I wish I could say that the vaccine guarantees full protection against COVID-19, but it does not. However, the potential risk vs. potential benefit ratio still falls heavily on the side of the vaccine. Breakthrough cases in vaccinated individuals are milder than unvaccinated cases. There are much lower rates of hospitalization and death amongst those who received the vaccine compared to those who did not. In recent weeks, 97% of COVID19 hospital admissions and 99.5% of COVID19 deaths were in unvaccinated patients. A study in the UK showed that the Pfizer vaccine still had ~88% efficacy against the Delta variant.
Many people are avoiding the vaccine because they already had COVID-19 last year. Preliminary evidence is showing that natural immunity may not be effective against Delta, but more studies are needed. Think about it this way- you can get different strains of the flu two years in a row, so why would this be any different? Why would one episode of COVID protect you against all future strains? Please don’t let your past COVID-19 infection stop you from getting the vaccine.
Regarding pregnant patients, our national OBGYN professional organizations are now recommending vaccination of pregnant individuals. Data has shown us that— simply put— vaccination is safe in pregnancy and COVID-19 infection is not. COVID-19 infection puts pregnant patients at an increased risk of hospital admission, as well as severe complications including ICU admission and death. The COVID-19 vaccine does not increase risk of miscarriage. The vaccine itself does not cross the placenta. The antibodies DO cross the placenta, which is a potentially huge benefit for your baby.
PLEASE do not worry about your fertility. The COVID19 vaccine has not been found to impact male or female fertility OR fertility treatment outcomes.
Let me get personal with you for a second. I have told my story before on this platform, and now I have an update. I have been through years of fertility treatments and required IVF for my pregnancy in 2019-2020. I received my COVID-19 vaccines in December-January. By the end of January, I was feeling sick daily. I figured I didn’t have COVID since I was vaccinated, but I never expected that it was actually because I was PREGNANT (on our own!) I have joked that the COVID19 vaccine doesn’t cause infertility—in fact, it might have cured it in my case! (Just kidding…n of 1 here)
There is a ton of propaganda and misinformation out there.
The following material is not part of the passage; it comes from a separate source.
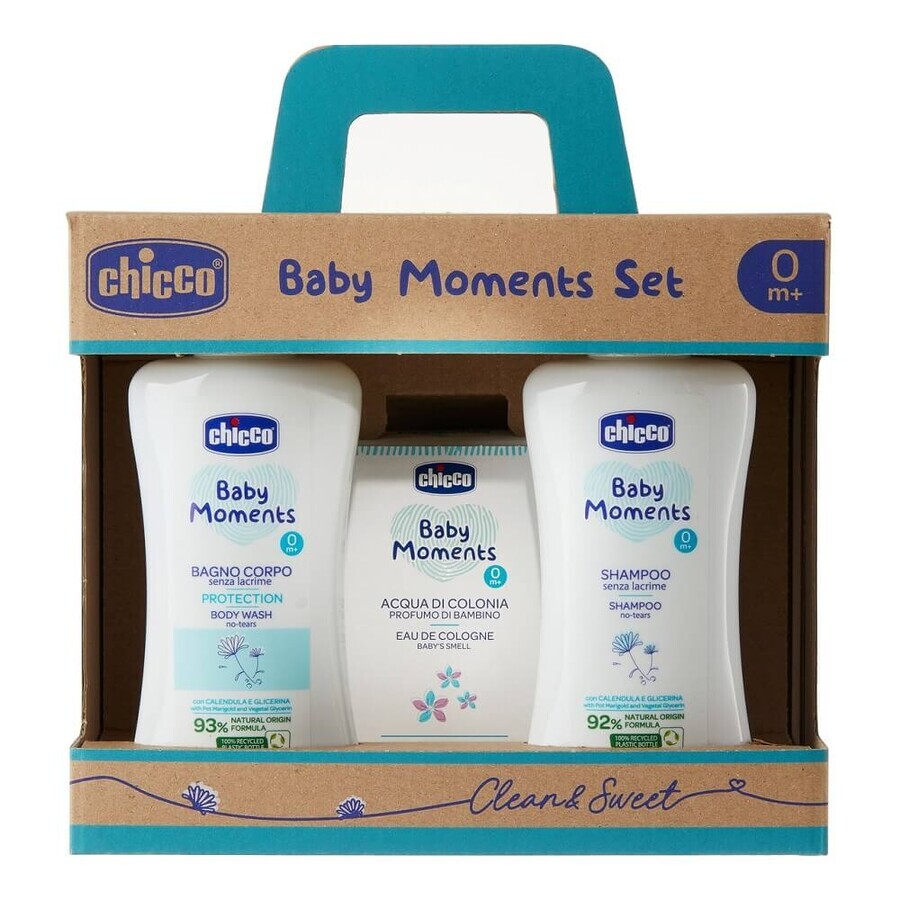 Comprar Chicco Baby Moments loción de baño, 200 ml + champú, 200 ml + agua de colonia, 100 ml Chicco Baby Moments loción de baño, 200 ml + champú, 200 ml + agua de colonia, 100 ml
Your decision about the vaccine needs to be based on science, not a conspiracy theory you read on Facebook. I understand the caution that many people have taken, and I appreciate the honesty of the people who have opened up to me about their uncertainty. I respect your viewpoint, and I believe that we are all adults who are capable of making these decisions for ourselves. I have told countless patients that I am not judging anyone else’s decision— I just knew that the decision for myself was very clear. I still take care of all of my patients the same way, caring for them the best that I can, vaccinated or not!
I am hoping that this post helps those who remain in the middle and who have been looking for a nudge of reassurance that this vaccine is considered safe and is still recommended by medical professionals. If this post helps even a few more people decide to get vaccinated, then I consider that a success. Please consider taking your shot!